E com o verbo, não se vai atrever? Imagine: Os árabes na sua expansão foram islamicando os povos sobre os quais iam exercendo o seu dominio. Foram mouros (da antiga Mauritânia) islamicados que islamicaram toda a península Ibérica acabando por deixar essa islamicação como valiosa herança a todos os portugueses e espanhóis que, por sua vez, na sua expansão foram islamicando o mundo que iam encontrando...


----------



## machadinho

Ei, João, por ora, graças a Zeus, só preciso do adjetivo!


----------



## Carfer

Sei que não vou ajudar nada, até porque admito que não haja termo melhor, mas há palavras que, mesmo desconhecidas, têm o condão de nos sugerir sensações, acepções e imagens que estão longe do seu significado real. Há palavras que nos atraem ou nos repugnam sem que para isso tenhamos nenhum motivo consciente ou racional. É o caso. Vocês não visualizam em _'islamicado' _um certo desdém? Pois é a sensação que me dá. Sugere-me que, se alguém diz que uma cultura é '_islamicada_' está a desprezá-la, a diminui-la, como acontece quando dizemos que uma coisa é _'alambicada', 'arrebicada', 'amaricada'_ e outras palavras terminadas em _'cado/cada' (_porque será que só me ocorrem as negativas?). Bem, mas, como digo, é só uma sensação, no entanto suficientemente forte para que me retorcesse todo se tivesse de utilizá-la.


----------



## machadinho

É, meus caros, acho que o jeito vai ser parafrasear: de influência islâmica. Há outras expressões, mas a mais problemática é esta:

(0) _whose response to the Islamicate/Averroist appropriation of Aristotle’s works is haunted ...
_(1) cuja reação à apropriação averroísta ou de influência islâmica das obras de Aristóteles é perseguida ...
(2) cuja reação à apropriação de influência islâmica ou averroísta das obras de Aristóteles é perseguida ...  [ambíguo?]
(3) cuja reação à apropriação, sob influência islâmica ou averroísta, das obras de Aristóteles é perseguida ... [torta?]

O que acham?


----------



## Vanda

E inclusive, dependendo da liberdade que você tiver no texto, incluir o termo em inglês dizendo ser um neologismo criado por XXXX. Os leitores vão agradecer ao aprender um novo termo.


----------



## machadinho

É, Vandinha, liberdade não tenho muita não. Acho que vou colocar entre parênteses o original e sugerir uma nota de rodapé ao editor. Obrigado.


----------



## Vanda

Já fiz isso várias vezes.


----------



## machadinho

Só que é um tiquinho frustrante...


----------



## joaosilva

Oh, Machadinho olha só o que eu descobri:

Para que fosse “Islamicado” o original em inglês devia de ter sido “Islamicated”

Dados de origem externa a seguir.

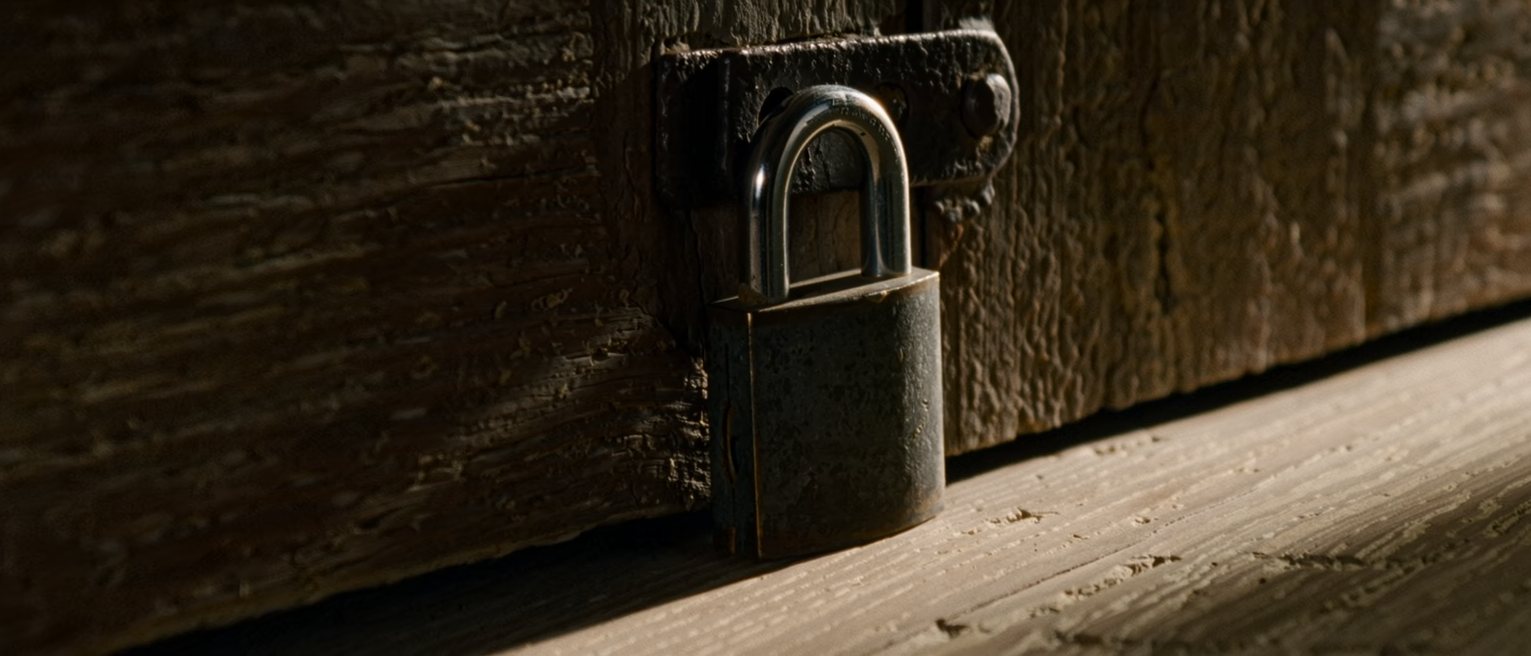 a heavy padlock closed through the staple of an iron hasp on a timber door, the shackle fully seated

Encontrei outra que talvez seja mais adequada: Islamificado

Confesso não estar muito acostumado ao sufixo inglês –ate, mas vendo no texto original a palavra Persianate, que é (ou deve ser) para Persia o que Islamicate será para Islamic World (num sentido geográfico, da mesma maneira que entendemos o mundo latino (não só pelo idioma) ou o mundo cristão (não só pela religião)) fiz uma pesquisa.
Encontrei que para falantes de inglês ou pelo menos para quem tem afinidade pelo tema (Wikipédia), Persianate society = Persified society, que nos conduz a Sociedade persificada e de ai até Sociedade islamificada.
Seria então um verbo: to islamicate = to islamify (e dai islamification) y para este último já encontramos mais exemplos, nomeadamente na internet, assim como para o caso de islamificado em português ou espanhol, tendo muitos dos seus escritores colocado a palavra entre aspas. Tem um componente (mais) pejorativo comparado com os oficiais to islamize/islamization ou o português-espanhol islamizar/islamizado;
Concluindo, islamicate é uma forma menos comúm de islamified.


----------



## machadinho

Poxa, João, obrigado pelo achado! Islamificado é um fortíssimo candidato, ainda mais com esses argumentos. 

A lista de sugestões até agora é a seguinte:


de influência islâmica (Machadinho)
islâmico (Vanda)
islamicado (Joãosilva)
islamicato (Machadinho)
islamificado (Joãosilva)
islamítico (Houaiss)
islamizado (Carfer)
moçárabe (Carfer)
pseudoislâmico¹
Talvez possamos tentar também termos derivados de muçulmano.

¹anônimo


----------



## Carfer

Mas _'islamificado'_ não seria o mesmo que '_islamizado_'?


----------



## machadinho

Creio que sim. 



> _Et cependant je ne vois pas de quelle façon je les pourrai résoudre; et comme si tout-à-coup j'étois tombé dans une eau très profonde, je suis tellement surpris que je ne puis ni assurer mes pieds dans le fond, ni nager pour me soutenir au-dessus._ (Descartes)


----------



## Audie

Machadinho, se nada der certo, você pode tentar a carreira dramática!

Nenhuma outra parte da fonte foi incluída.